[Numpy-discussion] [ANN] Nanny, faster NaN functions

Sun Nov 21 17:09:34 EST 2010

On Sun, Nov 21, 2010 at 12:30 PM,  <josef.pktd at gmail.com> wrote:
> On Sun, Nov 21, 2010 at 2:48 PM, Keith Goodman <kwgoodman at gmail.com> wrote:
>> On Sun, Nov 21, 2010 at 10:25 AM, Wes McKinney <wesmckinn at gmail.com> wrote:
>>> On Sat, Nov 20, 2010 at 7:24 PM, Keith Goodman <kwgoodman at gmail.com> wrote:
>>>> On Sat, Nov 20, 2010 at 3:54 PM, Wes McKinney <wesmckinn at gmail.com> wrote:
>>>>
>>>>> Keith (and others),
>>>>>
>>>>> What would you think about creating a library of mostly Cython-based
>>>>> "domain specific functions"? So stuff like rolling statistical
>>>>> moments, nan* functions like you have here, and all that-- NumPy-array
>>>>> only functions that don't necessarily belong in NumPy or SciPy (but
>>>>> could be included on down the road).

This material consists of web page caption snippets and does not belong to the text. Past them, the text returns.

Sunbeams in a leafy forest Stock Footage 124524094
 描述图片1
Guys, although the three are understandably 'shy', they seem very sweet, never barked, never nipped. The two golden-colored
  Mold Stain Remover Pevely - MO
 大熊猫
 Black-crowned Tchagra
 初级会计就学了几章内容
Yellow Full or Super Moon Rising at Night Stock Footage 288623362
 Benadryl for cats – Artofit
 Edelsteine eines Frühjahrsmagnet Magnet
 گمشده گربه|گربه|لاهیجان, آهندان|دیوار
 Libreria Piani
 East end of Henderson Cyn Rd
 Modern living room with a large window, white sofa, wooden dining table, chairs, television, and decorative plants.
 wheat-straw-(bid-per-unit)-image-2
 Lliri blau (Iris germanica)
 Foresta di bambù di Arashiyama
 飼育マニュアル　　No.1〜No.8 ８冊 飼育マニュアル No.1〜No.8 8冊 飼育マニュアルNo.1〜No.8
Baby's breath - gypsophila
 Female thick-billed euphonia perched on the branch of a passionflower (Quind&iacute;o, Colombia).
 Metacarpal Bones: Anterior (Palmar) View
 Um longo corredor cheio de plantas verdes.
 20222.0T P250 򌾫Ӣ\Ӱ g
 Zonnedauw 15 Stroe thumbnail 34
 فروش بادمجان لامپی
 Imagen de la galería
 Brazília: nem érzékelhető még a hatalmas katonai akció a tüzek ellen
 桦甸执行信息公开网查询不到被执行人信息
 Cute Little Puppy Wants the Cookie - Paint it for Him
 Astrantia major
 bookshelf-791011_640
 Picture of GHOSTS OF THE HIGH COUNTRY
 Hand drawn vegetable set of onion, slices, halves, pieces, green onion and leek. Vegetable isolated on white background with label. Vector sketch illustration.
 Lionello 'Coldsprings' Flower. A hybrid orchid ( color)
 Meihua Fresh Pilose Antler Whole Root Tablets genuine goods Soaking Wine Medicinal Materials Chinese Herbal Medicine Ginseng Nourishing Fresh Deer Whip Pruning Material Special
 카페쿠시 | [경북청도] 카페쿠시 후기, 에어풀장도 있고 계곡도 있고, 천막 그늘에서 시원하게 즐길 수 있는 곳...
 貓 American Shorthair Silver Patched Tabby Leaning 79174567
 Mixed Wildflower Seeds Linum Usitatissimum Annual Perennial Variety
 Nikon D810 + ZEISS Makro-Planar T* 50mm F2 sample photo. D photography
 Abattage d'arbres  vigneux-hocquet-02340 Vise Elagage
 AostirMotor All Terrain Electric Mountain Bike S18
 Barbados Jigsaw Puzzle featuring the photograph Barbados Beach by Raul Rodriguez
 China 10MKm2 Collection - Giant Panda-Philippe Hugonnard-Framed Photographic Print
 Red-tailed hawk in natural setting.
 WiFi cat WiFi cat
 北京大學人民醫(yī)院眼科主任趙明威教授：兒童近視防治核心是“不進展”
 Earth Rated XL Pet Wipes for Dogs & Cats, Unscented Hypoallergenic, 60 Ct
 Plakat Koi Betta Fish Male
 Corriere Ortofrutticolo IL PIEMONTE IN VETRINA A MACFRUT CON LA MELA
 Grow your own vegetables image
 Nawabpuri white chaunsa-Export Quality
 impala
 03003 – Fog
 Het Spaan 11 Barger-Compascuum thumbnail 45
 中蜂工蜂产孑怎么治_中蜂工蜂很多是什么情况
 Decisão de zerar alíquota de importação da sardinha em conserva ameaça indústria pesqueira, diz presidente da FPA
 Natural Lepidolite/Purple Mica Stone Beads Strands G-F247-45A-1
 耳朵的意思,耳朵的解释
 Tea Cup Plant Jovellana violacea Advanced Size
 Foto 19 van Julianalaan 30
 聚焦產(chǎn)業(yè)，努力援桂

You were already talking about
>>>>> this on the statsmodels mailing list for larry. I spent a lot of time
>>>>> writing a bunch of these for pandas over the last couple of years, and
>>>>> I would have relatively few qualms about moving these outside of
>>>>> pandas and introducing a dependency. You could do the same for larry--
>>>>> then we'd all be relying on the same well-vetted and tested codebase.
>>>>
>>>> I've started working on moving window statistics cython functions. I
>>>> plan to make it into a package called Roly (for rolling). The
>>>> signatures are: mov_sum(arr, window, axis=-1) and mov_nansum(arr,
>>>> window, axis=-1), etc.
>>>>
>>>> I think of Nanny and Roly as two separate packages. A narrow focus is
>>>> good for a new package. But maybe each package could be a subpackage
>>>> in a super package?
>>>>
>>>> Would the function signatures in Nanny (exact duplicates of the
>>>> corresponding functions in Numpy and Scipy) work for pandas? I plan to
>>>> use Nanny in larry. I'll try to get the structure of the Nanny package
>>>> in place. But if it doesn't attract any interest after that then I may
>>>> fold it into larry.
>>>> _______________________________________________
>>>> NumPy-Discussion mailing list
>>>> NumPy-Discussion at scipy.org
>>>> http://mail.scipy.org/mailman/listinfo/numpy-discussion
>>>>
>>>
>>> Why make multiple packages? It seems like all these functions are
>>> somewhat related: practical tools for real-world data analysis (where
>>> observations are often missing). I suspect having everything under one
>>> hood would create more interest than chopping things up-- would be
>>> very useful to folks in many different disciplines (finance,
>>> economics, statistics, etc.). In R, for example, NA-handling is just a
>>> part of every day life. Of course in R there is a special NA value
>>> which is distinct from NaN-- many folks object to the use of NaN for
>>> missing values. The alternative is masked arrays, but in my case I
>>> wasn't willing to sacrifice so much performance for purity's sake.
>>>
>>> I could certainly use the nan* functions to replace code in pandas
>>> where I've handled things in a somewhat ad hoc way.
>>
>> A package focused on NaN-aware functions sounds like a good idea. I
>> think a good plan would be to start by making faster, drop-in
>> replacements for the NaN functions that are already in numpy and
>> scipy. That is already a lot of work. After that, one possibility is
>> to add stuff like nancumsum, nanprod, etc. After that moving window
>> stuff?
>
> and maybe group functions after that?

Yes, group functions are on my list.

> If there is a lot of repetition, you could use templating. Even simple
> string substitution, if it is only replacing the dtype, works pretty
> well. It would at least reduce some copy-paste.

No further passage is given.